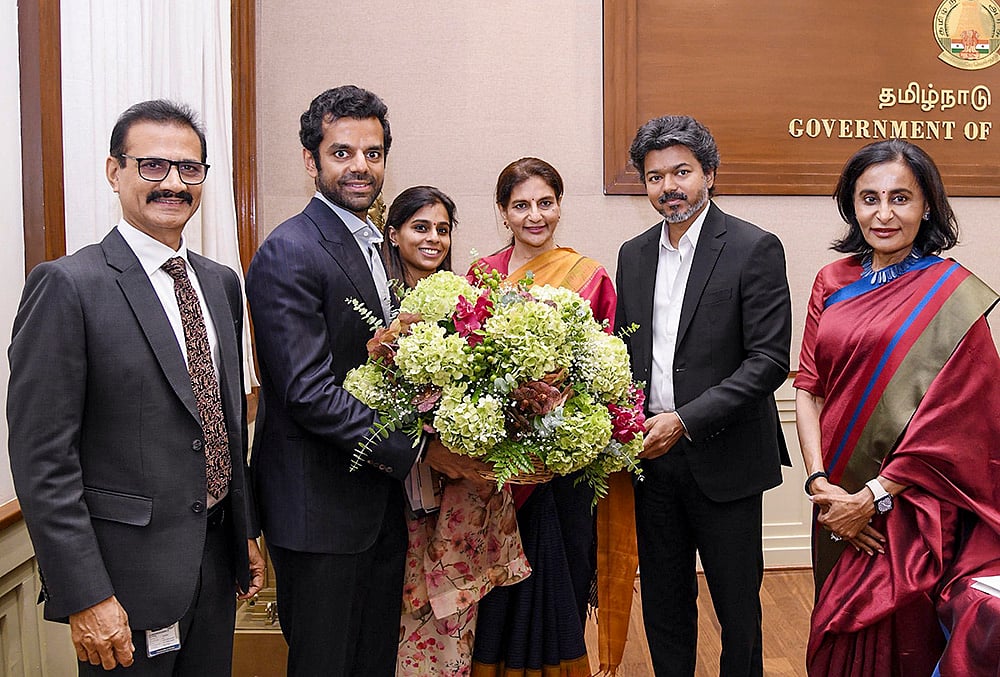 TN CM meets executives of Apollo Hospital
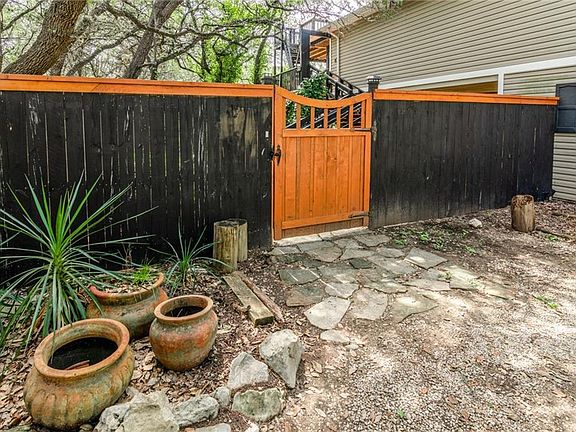 4th image of 577 Serene Woods Cir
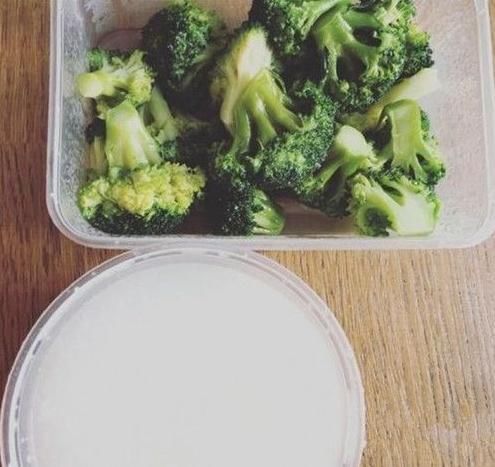 袁姗姗午餐只吃几颗水煮西兰花,刘涛晚餐高配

• • • • • • •

== What the task asks ==
Repeat the material above word for word, please, apart from its images.

== Result of the task ==
 TN CM meets executives of Apollo Hospital
 4th image of 577 Serene Woods Cir
 袁姗姗午餐只吃几颗水煮西兰花,刘涛晚餐高配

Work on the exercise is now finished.